Sustainable Solutions to Reduce an Organization’s Reliance on Natural Gas
Large organizations are increasingly embracing a range of sustainable solutions and alternatives to natural gas as an energy source, and it’s time for everyone to do their part. This includes looking at energy-efficient technologies and practices that can be implemented quickly to reduce overall energy consumption, thereby lowering the demand for natural gas.
Here are three sustainable solutions and specific actions that organizations should be considering for the immediate future:
- Conservation measures should be the first area organizations look to when working towards reducing natural gas dependence.
- Start by understanding where and when energy is being used in your organization’s various facilities and processes.

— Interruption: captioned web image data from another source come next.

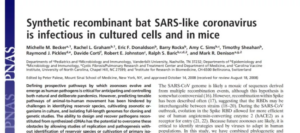 EUA sintetizam artificialmente coronavírus semelhante ao da SARS em 2008; RCI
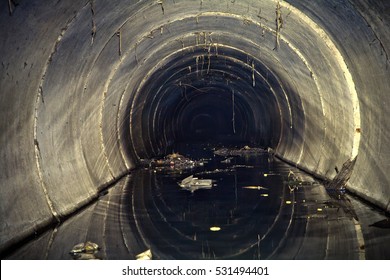 Wastewater from the factory, flowing through the sewer pipe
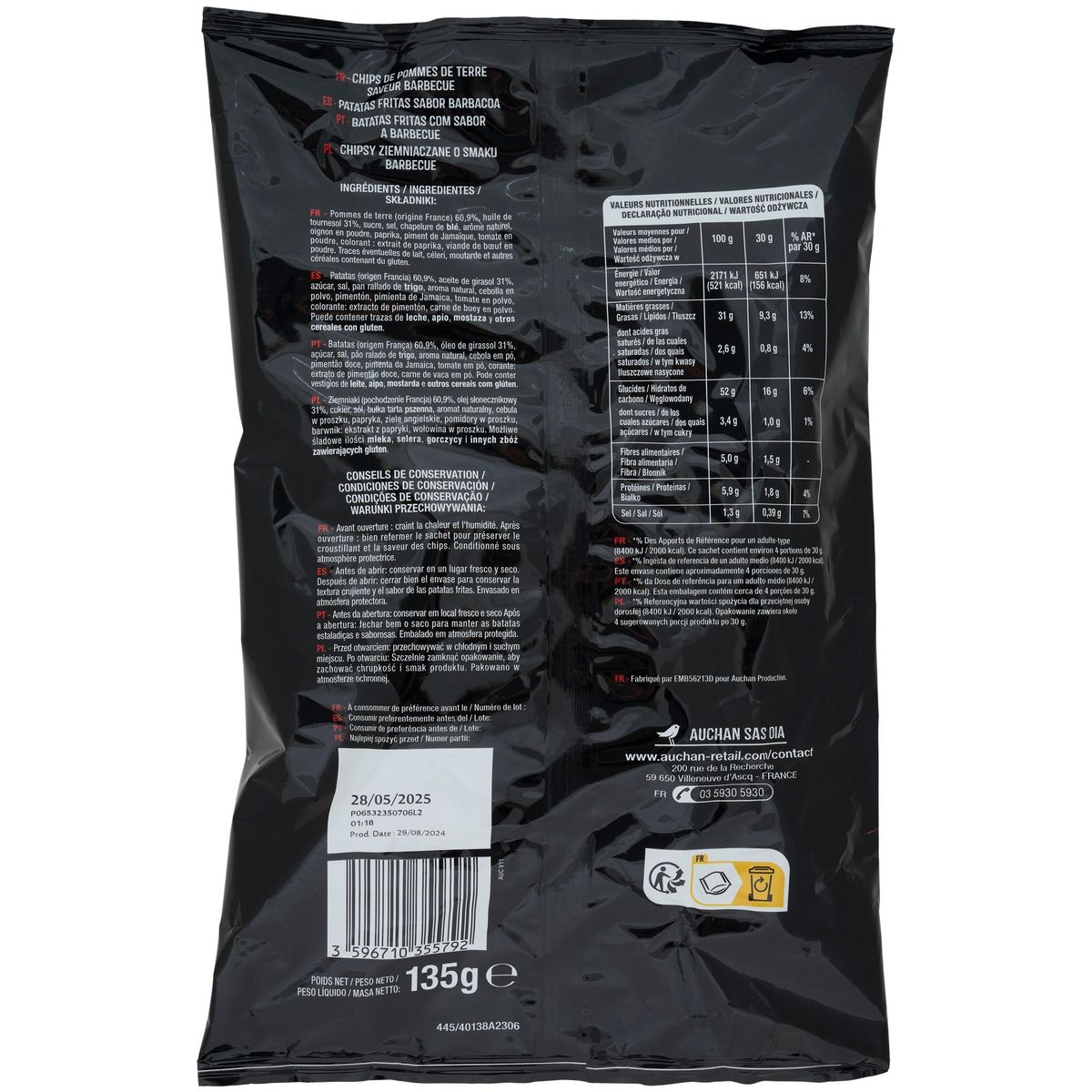 AUCHAN Chips saveur barbecue 135g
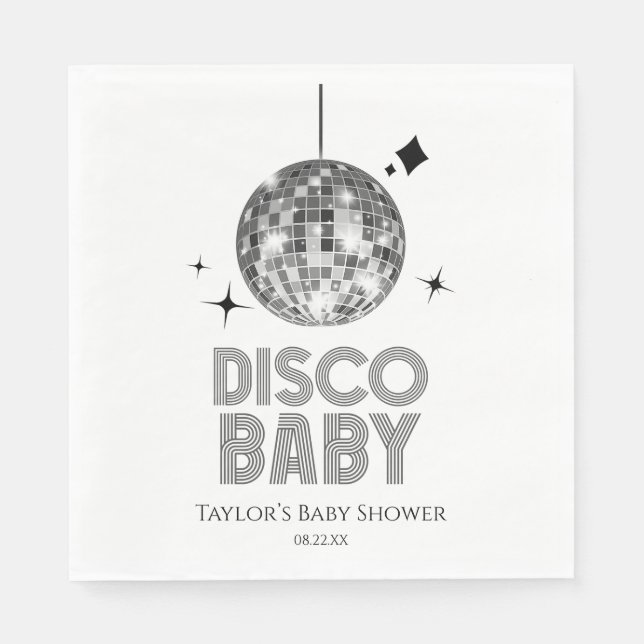 Silver Disco Ball "Disco Baby" Babydusche Serviette (Vorderseite)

- Conduct studies on existing building commissioning and processes to identify energy inefficiencies in your facilities and process improvements.
- Identify areas to improve your overall operations through energy-efficient retrofits or minimizing the amount of heat lost through your building envelope.
- The lowest cost solution to reducing natural gas costs and carbon outputs is to reduce energy consumption and encourage conservation and increased efficiencies.
- Ontario’s electricity grid has a relatively low carbon intensity when compared to other regions and can be a good alternative to natural gas use.
- Electrification of a facility can be costly. It may require new equipment and upgrades to a facility’s electrical infrastructure to ensure that it can handle the additional load required.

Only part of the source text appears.